La Macchina del Saccheggio
Autore Tom Burgis
Francesco Brioschi Editore; 2020 ,pp 381, 20 euro
Dopo Mobutu e la fine della guerra fredda i tempi sono cambiati, ma il sospetto che i cittadini africani nutrono di essere pedine inconsapevoli nella partita a scacchi di qualcun altro è giustificato, oggi come allora. La differenza è che ora i giocatori oscuri non si trovano nelle sale di rappresentanza di Washington, Mosca, Parigi o Londra.  La Macchina del Saccheggio individua nella rete di multinazionali anonime, investitori aziendali e banchieri che stipulano accordi opachi con leader golpisti e precari delle élite africane, che consentono loro di prosciugare le risorse naturali del continente africano, in cambio di poco.
Enormi tangenti, esenzioni fiscali e la cinica manipolazione della pratica nota come “prezzi di trasferimento”, in cui le multinazionali spostano i guadagni in giurisdizioni dove pagano meno tasse e succhiano via le entrate. “Queste reti fondono potere statale e aziendale”, scrive Burgis. “Non sono allineati a nessuna nazione e appartengono invece alle élite transnazionali fiorite nell’era della globalizzazione. Soprattutto, servono il proprio arricchimento “.

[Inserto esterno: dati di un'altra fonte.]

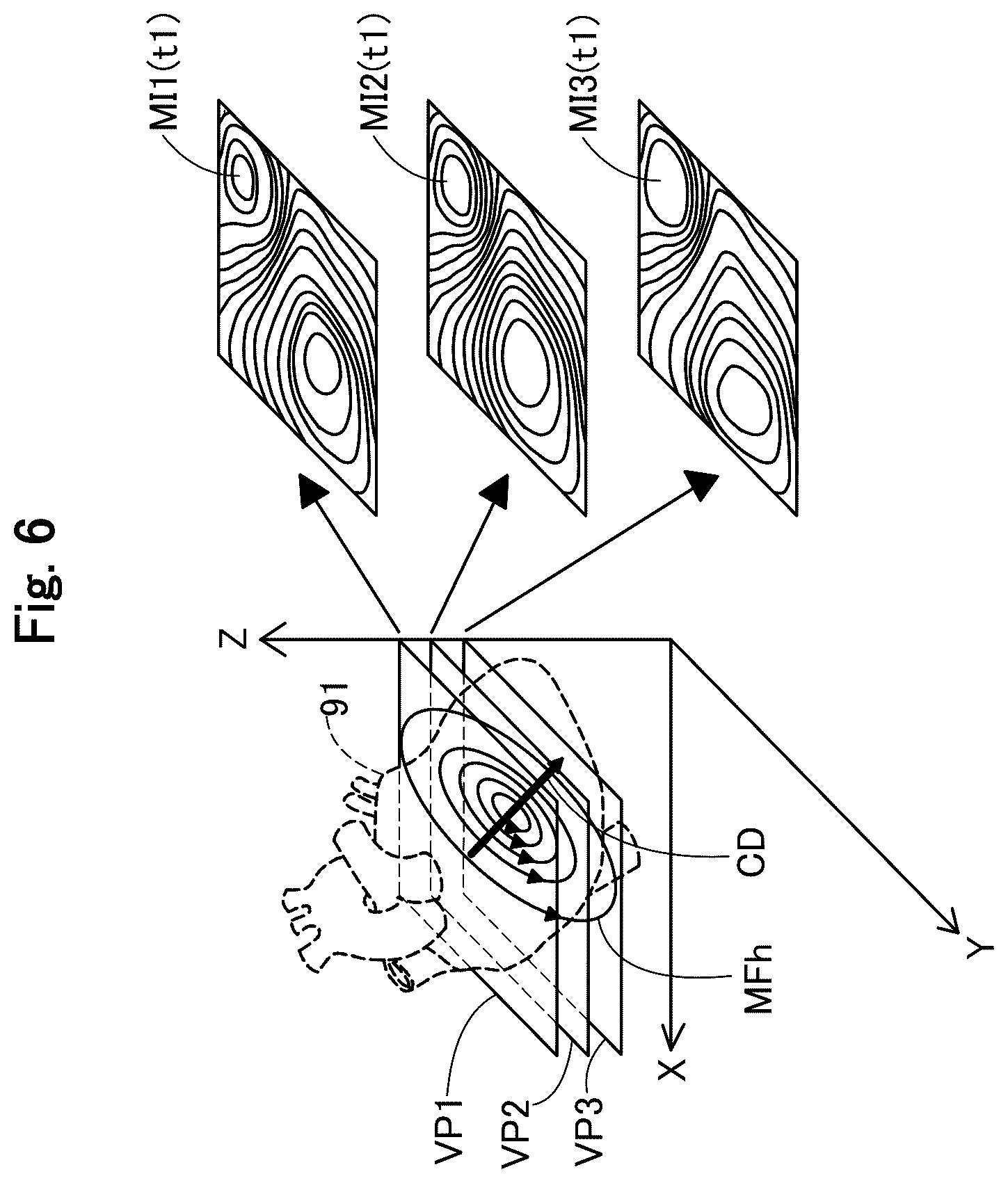 Patent US12564345 Figure 6 – Medical apparatus, and image generation method for visualizing temporal trends of biomagnetic data on an organ model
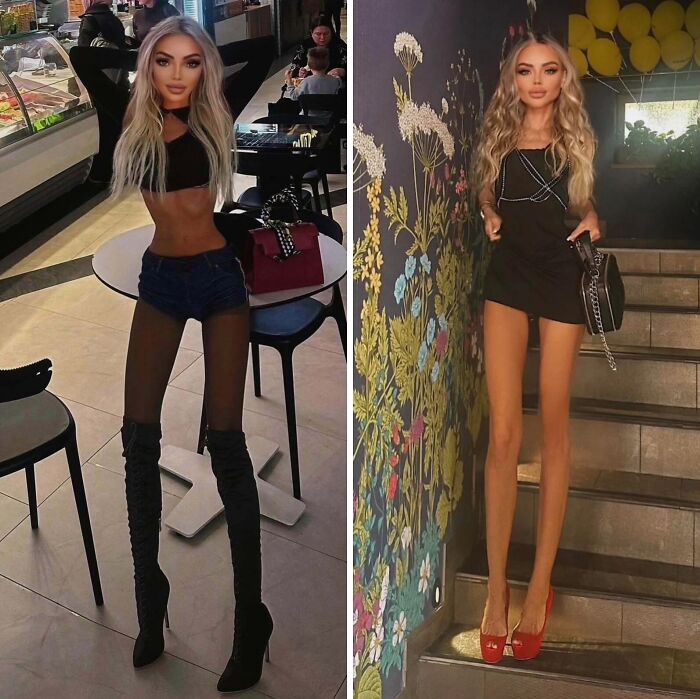 Legs For Days? More Like Legs For Eternity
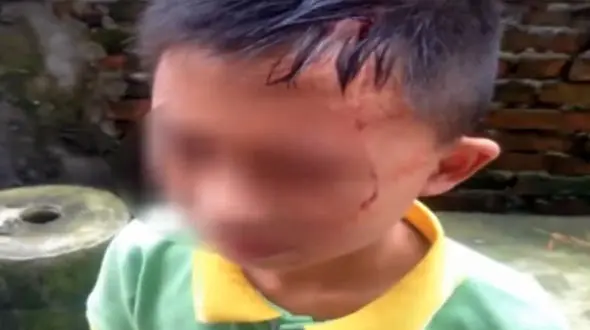 نادرترین سانحه رانندگی که نوجوانی را تا یک قدمی مرگ برد + فیلم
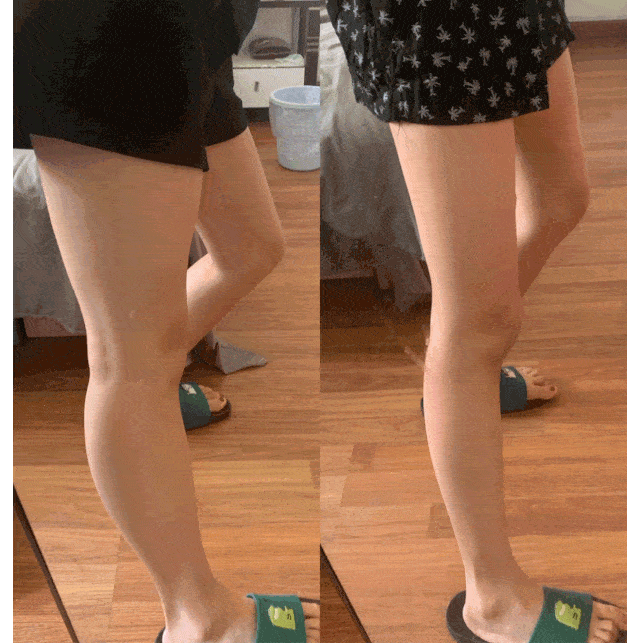 运动|吴昕被曝领证结婚啦？经历“换头”变美后人生果然能开挂！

Questo è un libro coraggioso e provocatorio, poiché la desolazione della visione di Burgis stona con il tenore dei tempi. “Africa Rising” è diventata lo slogan obbligatorio applicato al continente negli ultimi anni, un’etichetta ispirata alla crescita di un’aspirante classe media africana, all’impatto rinvigorente della telefonia mobile e della tecnologia Internet e ai tassi di crescita del prodotto interno lordo che I paesi europei possono solo invidiare. È di moda, di questi tempi, essere ottimista riguardo all’Africa.